WASHINGTON - Seven of Canada's premiers were ready to take centre stage Saturday at a high-powered conference of American governors to discuss issues near and dear to politicians on both sides of the border -- including energy, the environment and trade.

The premiers of Ontario, Quebec, Saskatchewan, Manitoba, New Brunswick, Nova Scotia and Prince Edward Island were scheduled to meet U.S. governors for an hourlong session entitled "Common Border, Common Ground" at the winter meeting of the National Governors Association, an influential get-together that often influences policy for both the White House and Congress.

It's the first-ever such meeting between the governors association and its Canadian counterpart, the Council of the Federation. It's taking place this weekend at a downtown Washington hotel just a couple of blocks from the White House.

At only the mid-way mark for the premiers' D.C. visit, several of them said President Barack Obama's administration seemed much more open to hearing about Canadian concerns. Ontario Premier Dalton McGuinty said Friday he'd noticed Obama's people were more receptive than those in the George W. Bush administration; a day later, Manitoba Premier Greg Selinger agreed.

"There's a real willingless to solve problems. I think there's a greater recognition of the value of the relationship between Canada and the United States," he said, crediting David Jacobson, the U.S. ambassador to Canada who's a close Obama associate, for his efforts to get to know the country and its premiers.

"Obviously we want to maintain our identity, our culture and our traditions but on the economic level, I think we see that we have common interests that we need to further," Selinger said, predicting trade irritants between the two countries would likely ease under the Obama administration.

Later Saturday, Canada's premiers were to attend a round table devoted to finding strategies to promote green energy. Quebec Premier Jean Charest has been promoting his province's hydroelectricity projects during his visit to Washington, including during a meeting with the head of the Environmental Protection Agency on Friday.
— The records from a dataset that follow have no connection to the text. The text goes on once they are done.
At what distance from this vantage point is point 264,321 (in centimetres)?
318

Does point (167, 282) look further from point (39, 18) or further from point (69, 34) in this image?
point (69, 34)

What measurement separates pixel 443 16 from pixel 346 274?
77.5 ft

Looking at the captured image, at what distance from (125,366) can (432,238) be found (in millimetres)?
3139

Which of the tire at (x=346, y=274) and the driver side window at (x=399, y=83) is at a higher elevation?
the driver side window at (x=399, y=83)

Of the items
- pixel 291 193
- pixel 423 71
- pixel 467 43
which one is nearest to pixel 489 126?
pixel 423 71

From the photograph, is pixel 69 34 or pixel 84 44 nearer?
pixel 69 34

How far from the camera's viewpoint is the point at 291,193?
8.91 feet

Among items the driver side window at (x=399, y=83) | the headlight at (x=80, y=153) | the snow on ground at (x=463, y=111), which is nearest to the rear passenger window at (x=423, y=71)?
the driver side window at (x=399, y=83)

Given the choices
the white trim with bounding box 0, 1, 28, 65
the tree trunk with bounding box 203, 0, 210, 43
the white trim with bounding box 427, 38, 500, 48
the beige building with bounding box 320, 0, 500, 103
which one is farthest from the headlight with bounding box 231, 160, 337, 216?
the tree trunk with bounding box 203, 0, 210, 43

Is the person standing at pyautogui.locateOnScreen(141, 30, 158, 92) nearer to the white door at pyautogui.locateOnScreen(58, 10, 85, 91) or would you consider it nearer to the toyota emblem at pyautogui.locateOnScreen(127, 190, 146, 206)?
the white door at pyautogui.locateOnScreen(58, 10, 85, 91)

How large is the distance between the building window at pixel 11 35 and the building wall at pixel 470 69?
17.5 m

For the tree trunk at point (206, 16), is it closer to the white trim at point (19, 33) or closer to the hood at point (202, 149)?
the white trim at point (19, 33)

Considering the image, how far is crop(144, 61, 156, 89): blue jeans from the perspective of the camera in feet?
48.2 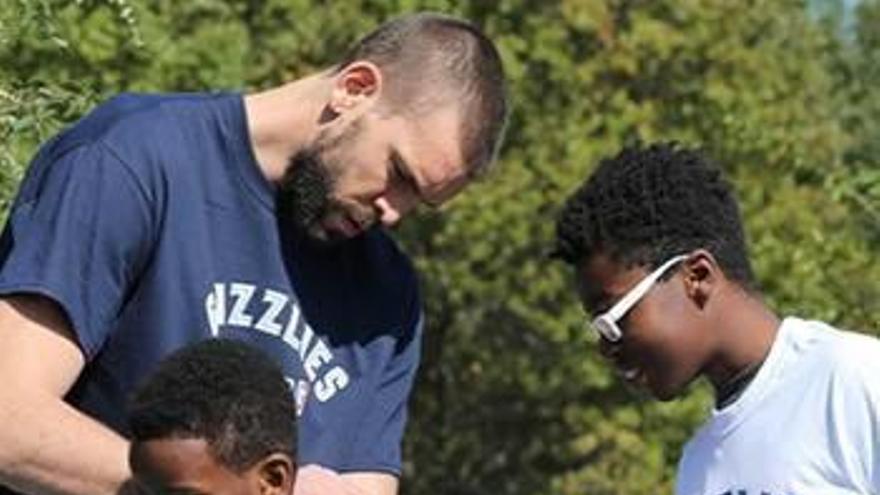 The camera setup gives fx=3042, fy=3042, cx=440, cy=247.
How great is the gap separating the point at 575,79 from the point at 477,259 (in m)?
1.00

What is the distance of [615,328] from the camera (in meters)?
4.72

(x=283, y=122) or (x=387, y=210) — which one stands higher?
(x=283, y=122)

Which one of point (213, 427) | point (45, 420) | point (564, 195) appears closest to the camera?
point (213, 427)

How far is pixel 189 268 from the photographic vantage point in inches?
180

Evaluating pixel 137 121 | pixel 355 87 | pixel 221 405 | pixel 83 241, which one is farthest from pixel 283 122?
pixel 221 405

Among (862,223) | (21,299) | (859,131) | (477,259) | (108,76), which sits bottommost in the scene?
(859,131)

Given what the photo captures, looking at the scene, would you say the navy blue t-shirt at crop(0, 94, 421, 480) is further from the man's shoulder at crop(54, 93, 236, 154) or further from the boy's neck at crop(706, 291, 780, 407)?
the boy's neck at crop(706, 291, 780, 407)

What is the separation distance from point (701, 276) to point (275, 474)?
0.99m

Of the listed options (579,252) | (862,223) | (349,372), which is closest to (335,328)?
(349,372)

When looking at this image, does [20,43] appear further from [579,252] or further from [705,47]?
[705,47]

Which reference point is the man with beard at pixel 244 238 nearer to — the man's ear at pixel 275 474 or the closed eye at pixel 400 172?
the closed eye at pixel 400 172

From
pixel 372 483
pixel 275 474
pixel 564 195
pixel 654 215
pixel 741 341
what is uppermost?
pixel 275 474

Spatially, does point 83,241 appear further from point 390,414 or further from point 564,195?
point 564,195

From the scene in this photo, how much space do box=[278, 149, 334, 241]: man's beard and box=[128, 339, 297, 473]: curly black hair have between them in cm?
44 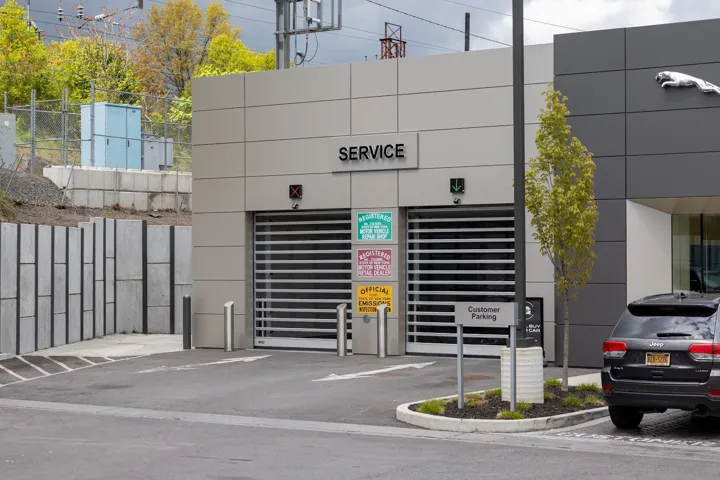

The premiers met with two White House power brokers on Friday -- the EPA's Lisa Jackson and Larry Summers, President Barack Obama's economics czar.

Saskatchewan Premier Brad Wall, who's leading the Canadian delegation as chairman of the Council of the Federation, said he and his counterparts raised concerns that Canadian manufacturers might be subject to punitive U.S. measures now that the EPA has warned it will start regulating carbon emissions.

The EPA made the threat in the absence of greenhouse gas laws from Congress. That legislation is stalled due to the Democrats' recent loss of their filibuster-proof majority in the Senate with the election of a Republican to the late Ted Kennedy's Massachusetts seat.

Fears that Canadian manufacturers and energy providers who produce carbon-intensive goods will suffer under tough EPA regulations are shaping up to be a simmering hot spot in Canada-U.S. relations.

Charest, for his part, urged Jackson to consider hydroelectric power a renewable resource that would be eligible for green energy subsidies in the United States.

"We would like recognition in American legislation of large-scale hydro," he said Friday, adding such recognition "would create an incentive to sell more energy and more renewable energy to the United States."

The premiers aren't exactly on the same page on environmental issues. Charest has criticized Ottawa for insisting that Canadian greenhouse gas policy must be in lockstep with the Americans, while Wall and other oil-producing provinces are in agreement with the feds that the U.S. and Canada must be in synch.

Trade issues will again dominate a Sunday meeting with U.S. Agriculture Secretary Tom Vilsack. The premiers are expected to raise concerns about the U.S. country-of-origin labelling rules on Canadian meat and other food products.

Canada and Mexico have complained to the World Trade Organization about the practice, saying it violates NAFTA.